There was no fairytale ending for Serena Williams at the US Open. The 23-times major singles champion was eliminated from the tournament she has won six times with a 7-5, 6-7 (4), 6-1 defeat to Ajla Tomljanovic on Friday night before a rollicking crowd of nearly 24,000 at Arthur Ashe Stadium.
Williams, who entered her presumptive farewell event ranked 605th and with one win in nearly 15 months, had rolled back the years in her first week at Flushing Meadows with a series of vintage showings beneath the lights of the world’s biggest tennis stadium.
This one, a stirring back-and-forth encounter of high quality and intensity that unfolded over more than three hours, was somehow her most rousing performance of all.
She battered Tomljanovic back with 115mph serves and flat groundstrokes that exploded off the strings. She came to net, glided about the court with a fluidity thought long gone and punctuated winners with guttural roars.
But Tomljanovic, a 29-year-old Australian ranked 46th, was unrattled by a crowd that cheered her service faults and errors, giving as good as she got and maintaining her high level when Williams tightened up.
Trailing 3-5 in the opener with Williams serving for the set, the back-to-back Wimbledon quarter-finalist won four straight games to stake the early advantage. From deficits of 0-4 and 2-5 in the second, she fought off four set points before finally bowing in a tie-breaker, but not before extending the middle act to a taxing 83 minutes and making her opponent expend valuable reserves of energy.

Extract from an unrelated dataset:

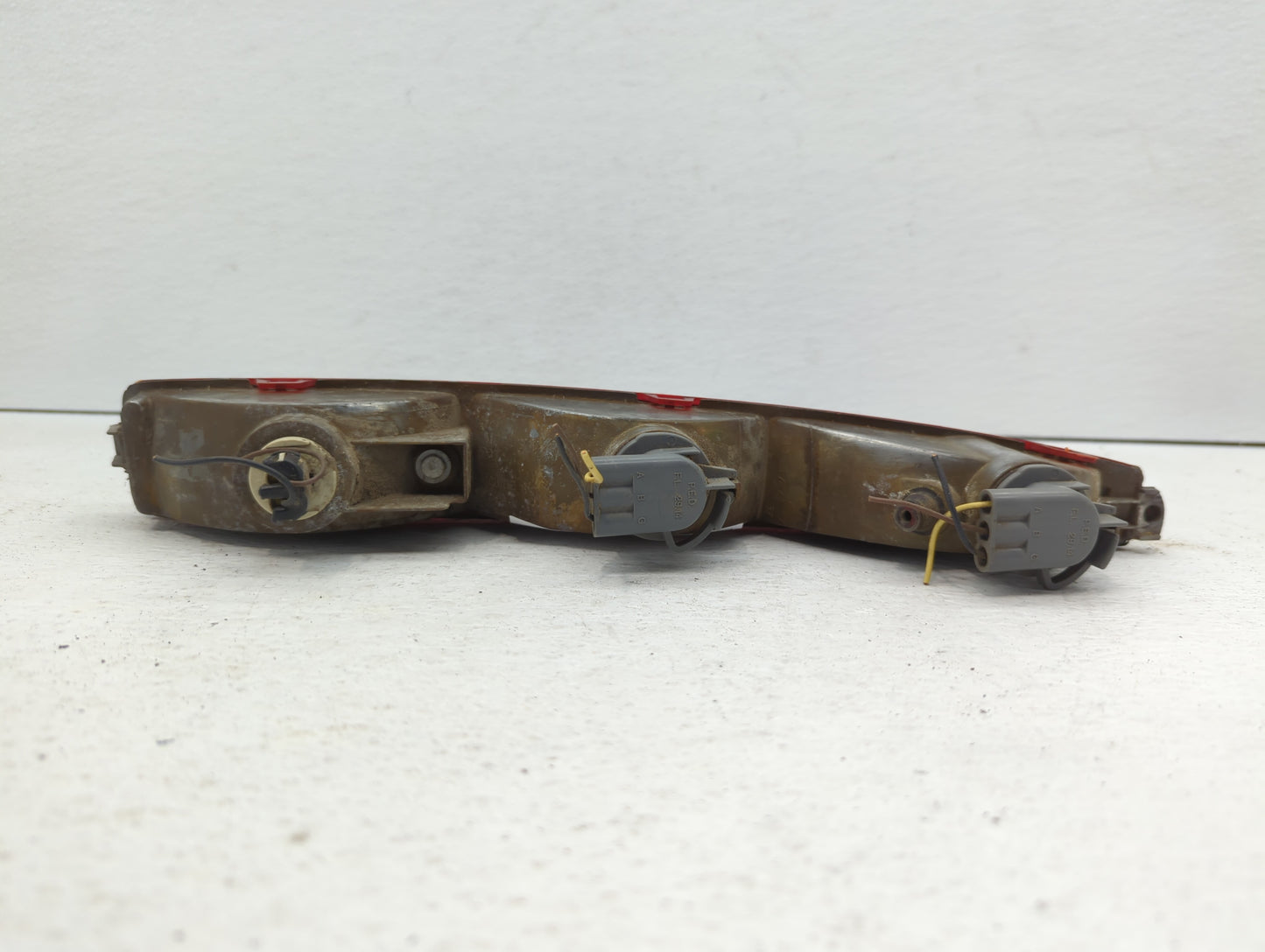 1994-1999 Cadillac Deville Tail Light Assembly Passenger Right OEM P/N:5976655 16517271 Fits Fits 1994 1995 1996 1997 1998 1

After Tomljanovic was broken immediately to open the decider, she rattled off six straight games to slam the door.
Even at the death Williams didn’t go quietly. In one final show of her indomitable fighting spirit and titanic self-belief, she staved off five match points, each prompting deafening roars, before finally netting an approach forehand on the sixth after 3hr 5min.

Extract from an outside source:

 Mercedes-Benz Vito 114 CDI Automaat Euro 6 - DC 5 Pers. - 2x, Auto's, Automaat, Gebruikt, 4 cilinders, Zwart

“I tried, Ajla just played a little bit [better],” Williams said, fighting through tears.
“Thank you, daddy. I know you’re watching. Thanks, mom. It all started with my parents and they deserve everything. I wouldn’t be Serena if there wasn’t Venus, so thank you, Venus. She’s the only reason that Serena Williams ever existed. It’s been a fun ride. I’m just so grateful to every single person that’s ever said: ‘Go, Serena’ in their life. You got me here.”
Williams, who turns 41 in a few weeks and has played sparingly over the past couple of seasons due to a hamstring injury, looked far below her standard in a first-round loss at this year’s Wimbledon against a player ranked outside the top 100. She appeared even further out of her depth in a pair of one-sided defeats at US Open tune-up events after she announced her plans to retire last month.
But her resurgent form in Queens has left many pondering whether she is really prepared to walk away, none more than Williams, who has strongly hinted this will be her final event.
Even after this match, she maintained her vague tack when pressed and alluded to the next grand slam on the calendar: “I don’t know, I’m not thinking about [playing again]. I always did love Australia though.”
“Clearly I’m still capable, [but it] takes a lot more than that,” she added. “I’m ready to, like, be a mom, explore a different version of Serena.”
The remarkably poised Tomljanovic, who advanced to a fourth-round meeting on Sunday against Liudmila Samsonova, said:
“I’m feeling really sorry just because I love Serena just as much as you guys do.
“What she’s done for the sport is incredible. I never thought I’d have the chance to play her in her last match when I was a kid watching all those finals.
“I just really blocked it [the crowd] out as much as I could. It did get to me a few times internally. I didn’t take it personally because I would be cheering for Serena, too, if I wasn’t playing her. But it was definitely not easy. There was no other way.”